== Problem description ==
From the first line to the last, please print the entries exactly, omitting pictures.

== Provided data ==

┌──

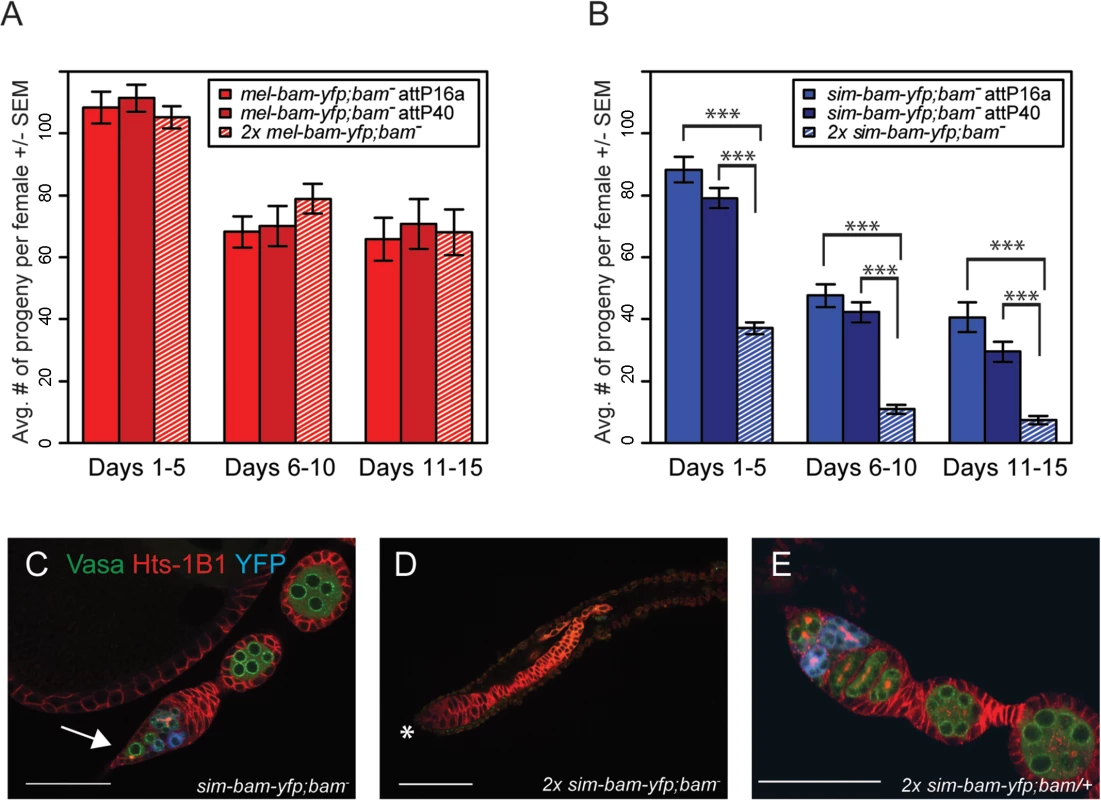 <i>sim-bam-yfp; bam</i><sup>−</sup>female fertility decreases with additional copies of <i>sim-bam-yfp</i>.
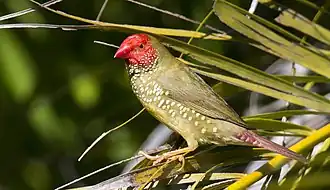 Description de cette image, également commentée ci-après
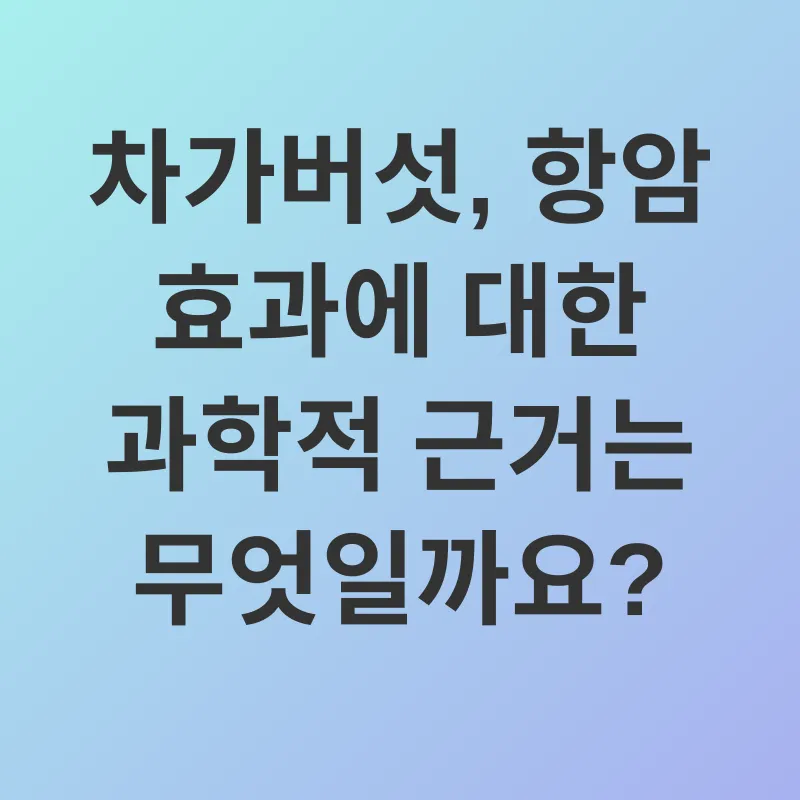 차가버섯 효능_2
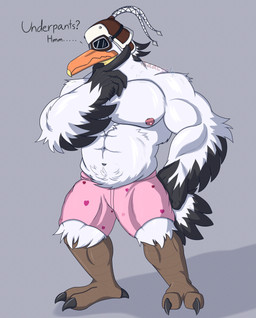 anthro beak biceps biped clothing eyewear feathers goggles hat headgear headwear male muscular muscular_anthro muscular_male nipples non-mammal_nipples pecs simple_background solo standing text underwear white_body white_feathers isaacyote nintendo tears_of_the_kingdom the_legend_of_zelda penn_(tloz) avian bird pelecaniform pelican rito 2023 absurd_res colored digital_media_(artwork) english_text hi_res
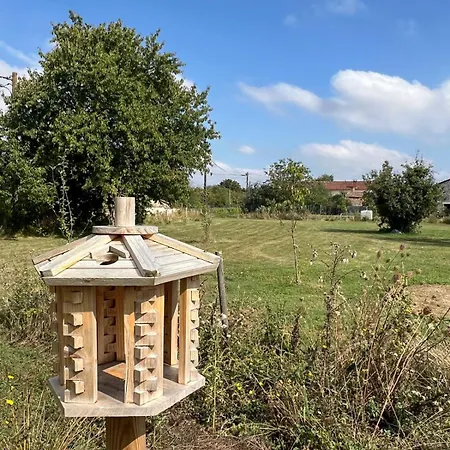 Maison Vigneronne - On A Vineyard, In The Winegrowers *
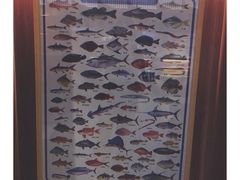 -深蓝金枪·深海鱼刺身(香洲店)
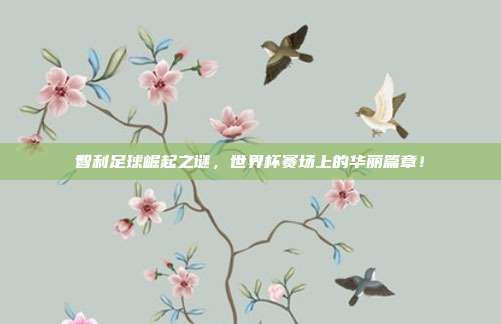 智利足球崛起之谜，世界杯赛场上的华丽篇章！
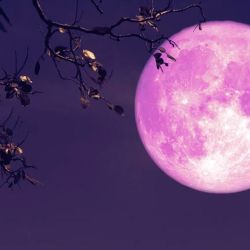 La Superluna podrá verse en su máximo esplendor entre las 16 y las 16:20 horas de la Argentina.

└──

== Task answer ==
 <i>sim-bam-yfp; bam</i><sup>−</sup>female fertility decreases with additional copies of <i>sim-bam-yfp</i>.
 Description de cette image, également commentée ci-après
 차가버섯 효능_2
 anthro beak biceps biped clothing eyewear feathers goggles hat headgear headwear male muscular muscular_anthro muscular_male nipples non-mammal_nipples pecs simple_background solo standing text underwear white_body white_feathers isaacyote nintendo tears_of_the_kingdom the_legend_of_zelda penn_(tloz) avian bird pelecaniform pelican rito 2023 absurd_res colored digital_media_(artwork) english_text hi_res
 Maison Vigneronne - On A Vineyard, In The Winegrowers *
 -深蓝金枪·深海鱼刺身(香洲店)
 智利足球崛起之谜，世界杯赛场上的华丽篇章！
 La Superluna podrá verse en su máximo esplendor entre las 16 y las 16:20 horas de la Argentina.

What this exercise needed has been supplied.